> **ABOUT THIS TASK**
Transcribe the entries exactly as given and skip whatever images they hold.

> **THE DATA**
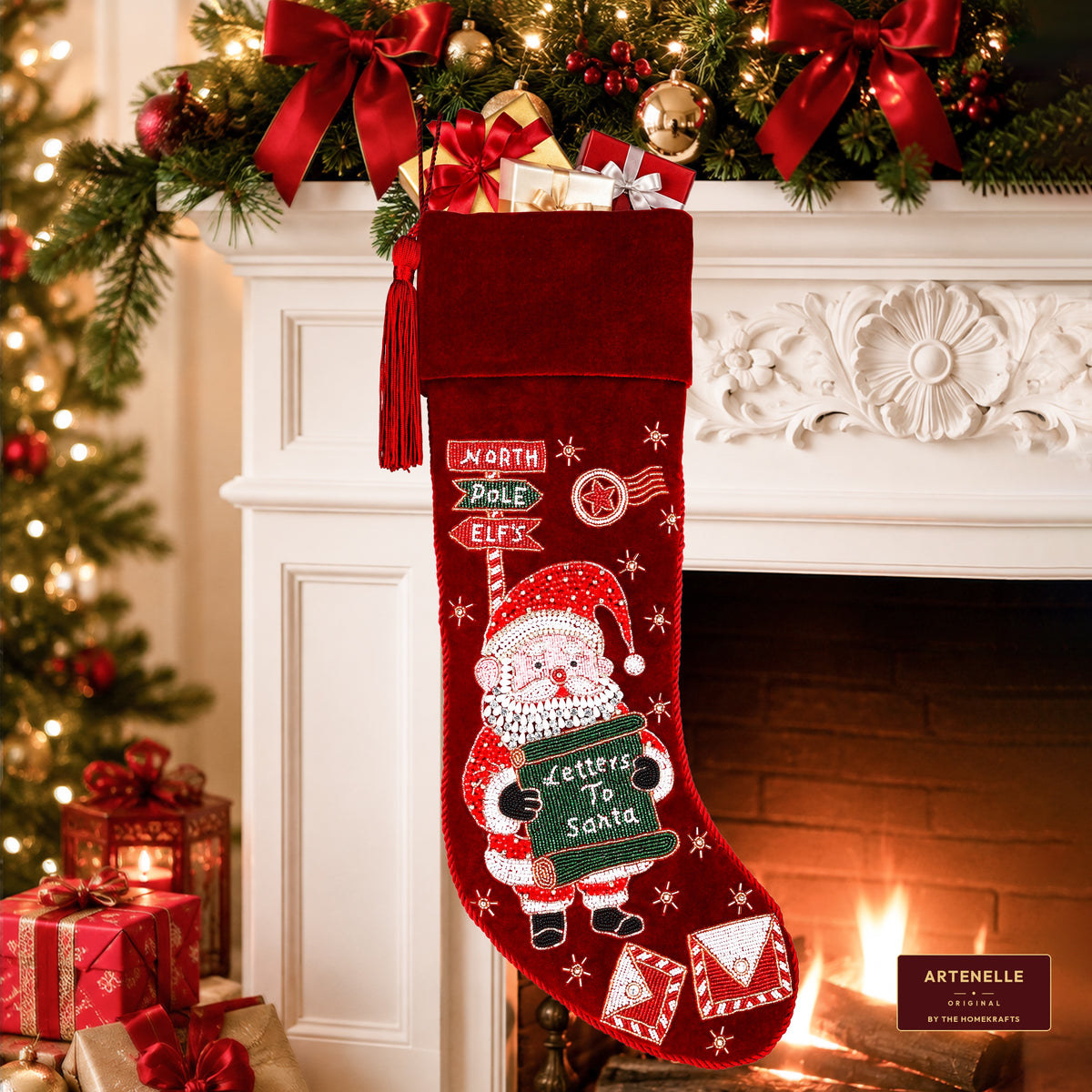 Personalized Letters To Santa Red Velvet Christmas Stocking
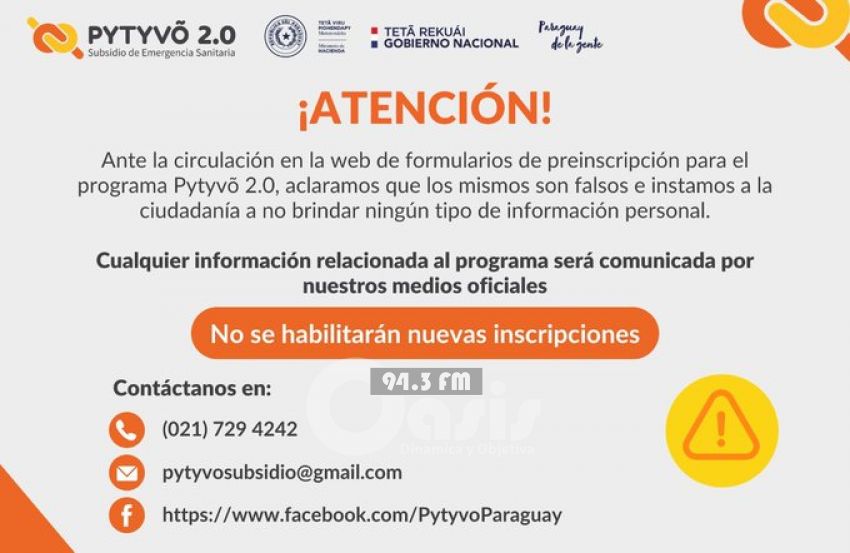 Hacienda informa que ya no se realizan inscripciones para el PytyvÍµ 2.0
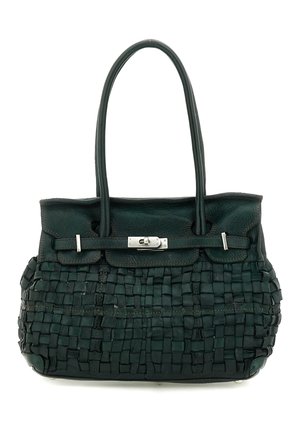 Borsa a tracolla in pelle intrecciata verde scuro con due manici e chiusura a torsione rettangolare in metallo color argento sulla patta frontale.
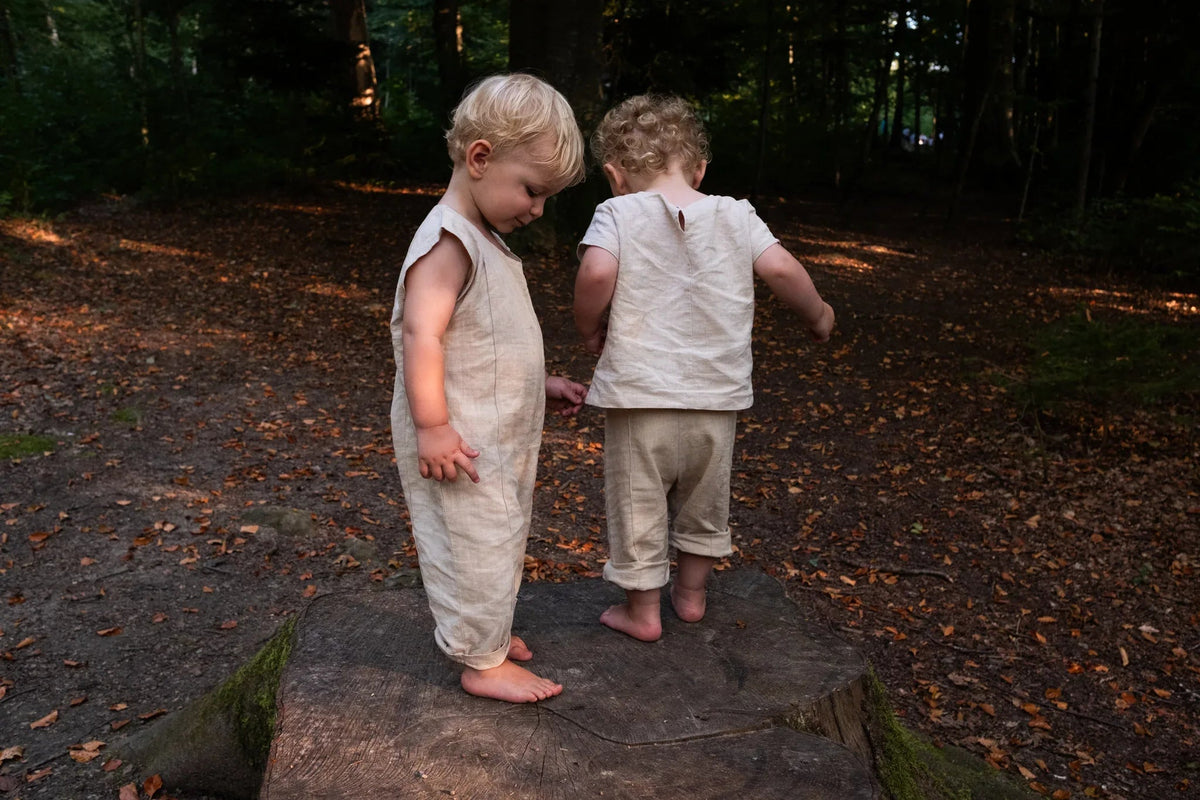 Ramie Baby/Kid Clothing Set - Beige-1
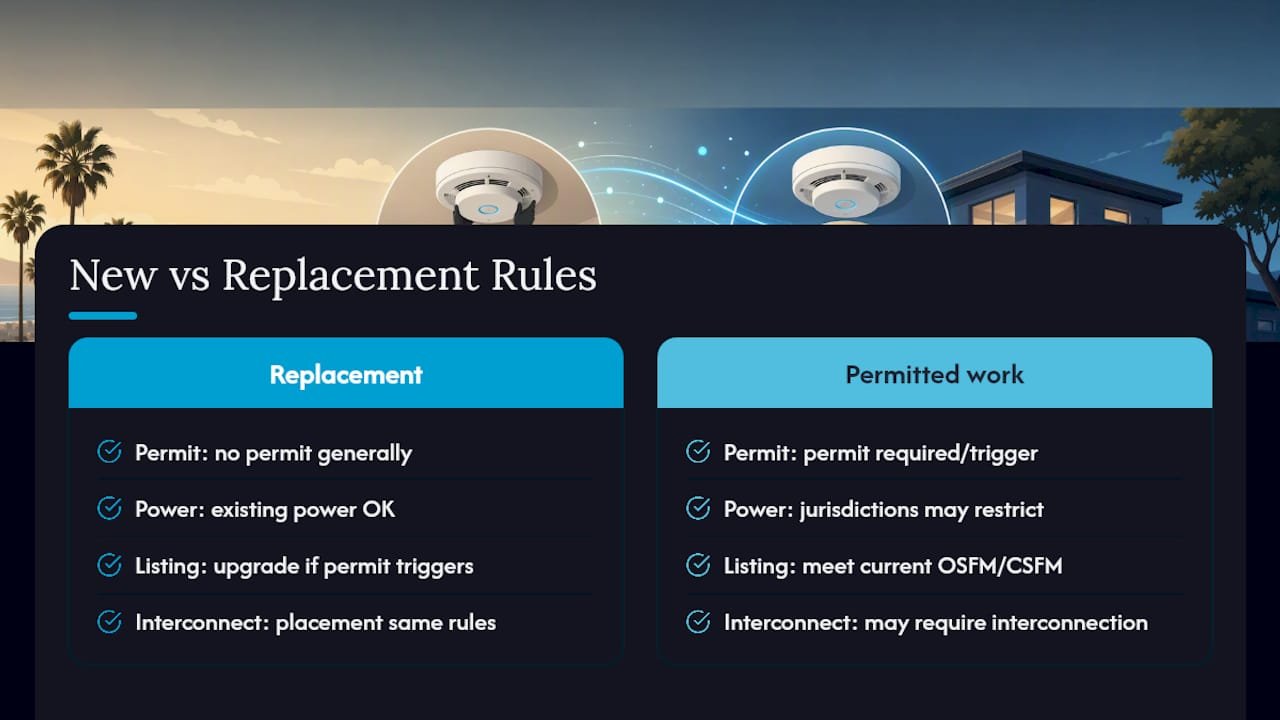 Diagram comparing new construction versus existing home smoke alarm rules
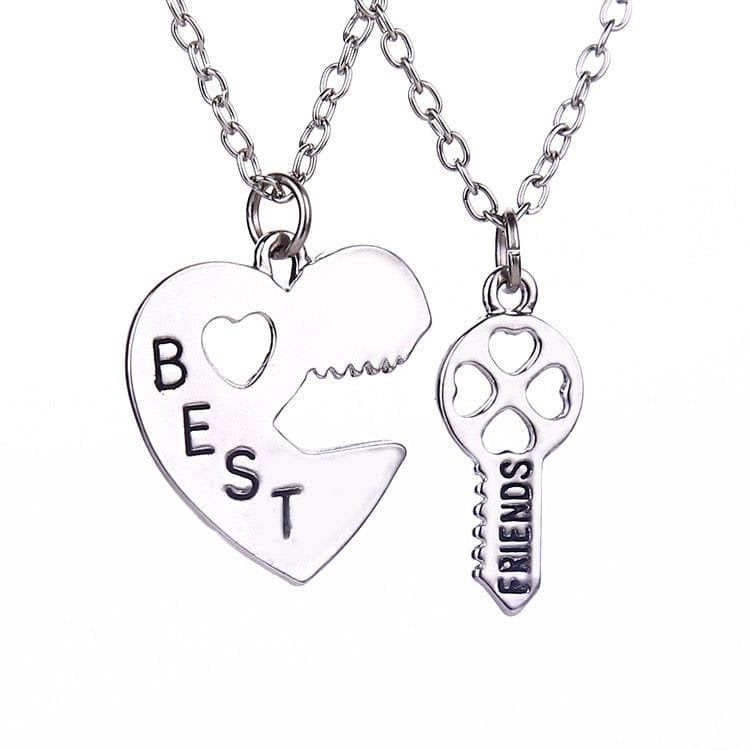 Best Friend Necklace Heart and Key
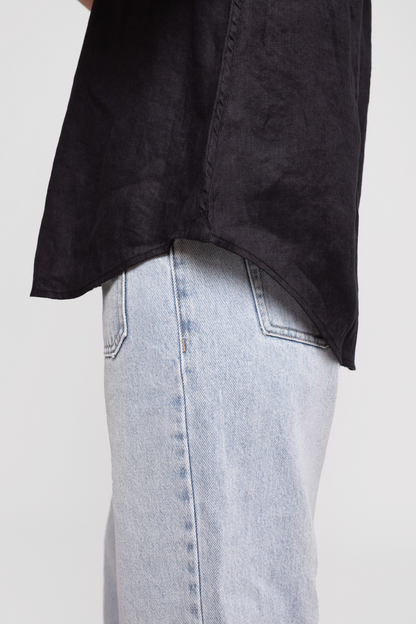 Black Short Sleeve Boyfriend Linen Shirt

> **SOLUTION TO THIS EXERCISE**
 Personalized Letters To Santa Red Velvet Christmas Stocking
 Hacienda informa que ya no se realizan inscripciones para el PytyvÍµ 2.0
 Borsa a tracolla in pelle intrecciata verde scuro con due manici e chiusura a torsione rettangolare in metallo color argento sulla patta frontale.
 Ramie Baby/Kid Clothing Set - Beige-1
 Diagram comparing new construction versus existing home smoke alarm rules
 Best Friend Necklace Heart and Key
 Black Short Sleeve Boyfriend Linen Shirt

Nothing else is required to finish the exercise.